Those corrupt delegates
by Tom Sullivan

Did the 37 states that entered the union after it ratified its constitution become part of a corrupt system?

I ask because two of the biggest brands in the current race for president offer different versions of “purity.” Both offer themselves as outsiders untainted by party corruption. Both Donald Trump and Bernie Sanders sell themselves as immune from being bought by big-money interests. Trump because he has billions of his own and Sanders because, you know, $27 and no super PAC. Both offer themselves as political outsiders, although Trump has the better claim to that. Sanders, the independent who has been in Congress since 1991, offers himself as an alternative to party Democrats.

But a recent story about Trump illustrates the downside of that outsider status when mounting a revolt against the status quo. Trump was flummoxed upon learning that despite beating Ted Cruz in Louisiana, Cruz might come out with more delegates.

Here’s the crux of it:

Kay Kellogg Katz, a former Louisiana state legislator and Trump supporter who has attended every GOP convention since 1984, told the Wall Street Journal that Cruz’s team out-organized Trump’s. Katz lost her delegate position on a key Republican National Committee Convention panel in a 22-5 vote to political new comer and Cruz supporter Kim Fralick…

Five of the state’s delegates, who were formerly supporting Sen. Marco Rubio are now likely to support Cruz, Louisiana Republicans believe. Additionally, a GOP official told WSJ that the state’s five unbound delegates — who are free to back the candidates of their choice — are likely to back Cruz over Trump.

Following the Louisiana primary, delegates met at a March 12 meeting to decide who would represent the state committee on three key convention committees — rules, credentials and the party platform. The majority of the delegates elected two members to each panel that day. Cruz delegates managed to fill up five of the six available posts.

While Trump was out boasting about winning votes, Team Cruz was lining up delegates. “I’m almost amused when Donald doesn’t know what to do and threatens a lawsuit,” Cruz said.

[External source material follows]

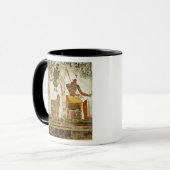 De goden Osiris en Atum uit Tomb van Mok (Voorkant links)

It’s very unfair,” says Trump, leading in a process he doesn’t understand. Sanders is behind in a process many of his supporters don’t understand. Both are crying foul. To those attracted to purity, not understanding how the system works is proof the system is corrupt and that dark forces are allied against them:

While Trump cries foul, Cruz is racking up support from prospective delegates across the country, even in states where Trump dominated the primary. From Louisiana to Georgia to South Carolina — all Trump victories — delegates and delegate candidates are lining up to back Cruz, who’s romped among the Republican activist class that tends to control this part of the process. South Dakota’s delegates and early contests in Iowa also appear to favor Cruz.

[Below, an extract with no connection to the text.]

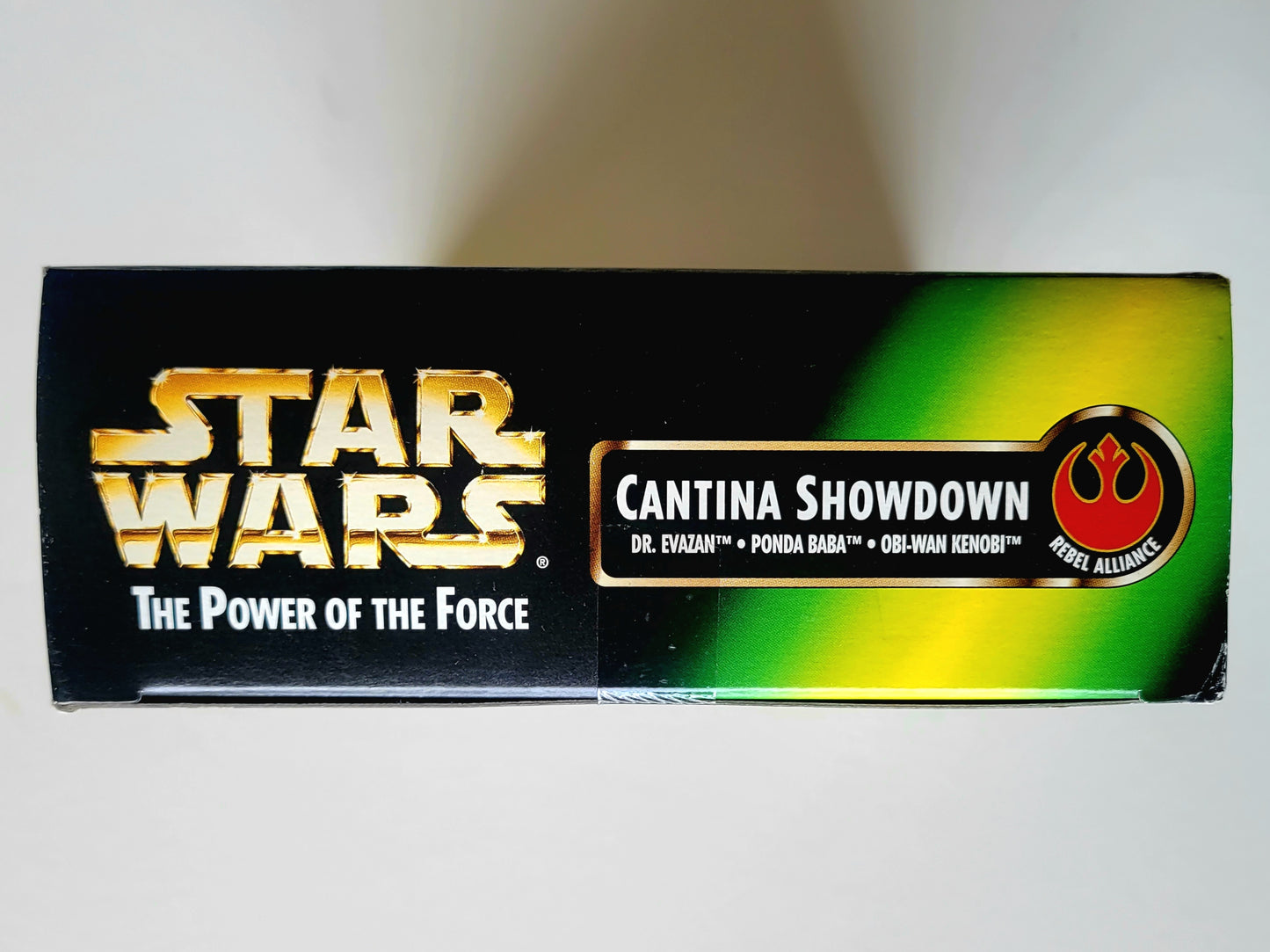 Star Wars: Power of the Force Cantina Showdown 3.75-Inch Action Figures (Dr. Evazan, Ponda Baba, Obi-Wan Kenobi)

“I’ve been telling the Trump campaign for eight months now that they’re making a mistake by not reaching out to [Republican National Committee] members to establish relationships,” said one South Carolina Republican participating in the state’s delegate selection process. “He hasn’t done any of that. … That’s usually the kind of thing that presidential candidates do.”

None of this matters much if Trump grabs the 1,237 pledged delegates he’d likely need to win a majority vote on the convention’s first ballot. But if he doesn’t, the convention could go to further rounds of voting where many delegates are free to vote for a candidate of their choosing — and that’s where Trump could run into trouble.

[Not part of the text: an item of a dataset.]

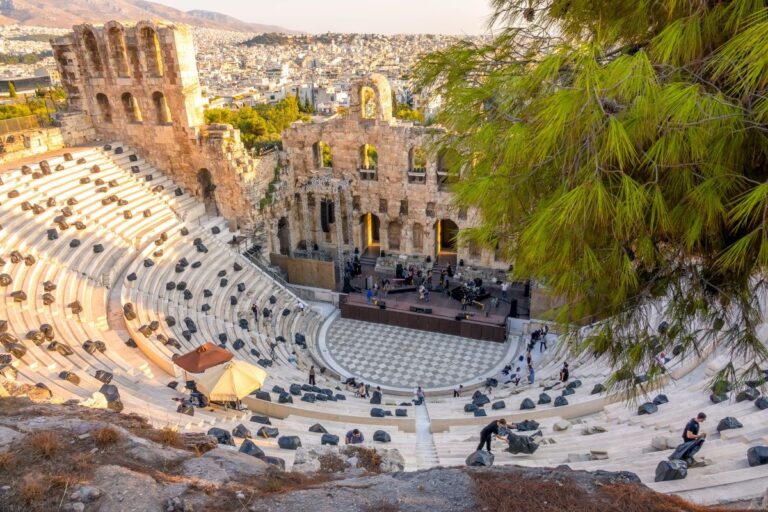 i più importanti teatri greci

After visiting Washington, D.C. to take Delegate 101 with Reince Priebus, Trump finally hired an experienced delegate manager. Trump knows how to win, remember.

There is a piece from Counterpunch circulating that alleges Hillary Clinton is “buying” Super Delegates who are “defying democracy with their insistent refusal to change their votes to Sanders in spite of a handful of overwhelming Clinton primary losses in their own states.” The fact that Clinton is involved in her fourth national campaign (two with her husband and now her second) and her team knows the delegate process inside out proves to some Sanders supporters who (like Trump) don’t understand the rules that rules are being broken and that the process is hopelessly corrupt.

Which brings us to Martin Longman’s piece at Washington Monthly about the “disconnect between the system as it exists and the people’s expectations for how things ought to be in a sensible and fair world.” In “Want a Revolution? Join a Party,” he writes:

But delegates are really just like our elected representatives in Congress. Our senators and congressmen are elected by us, but we don’t control their votes once they get to Washington DC. They might promise to vote against a free trade agreement and then be persuaded to support it once they have the opportunity to sit in hearings, question witnesses, introduce and pass amendments that satisfy their concerns, or just get corrupted by big money and lobbyists. We vote for people to represent us, and if we don’t like how we’re represented, we get to vote against them when they stand for reelection. That’s our system.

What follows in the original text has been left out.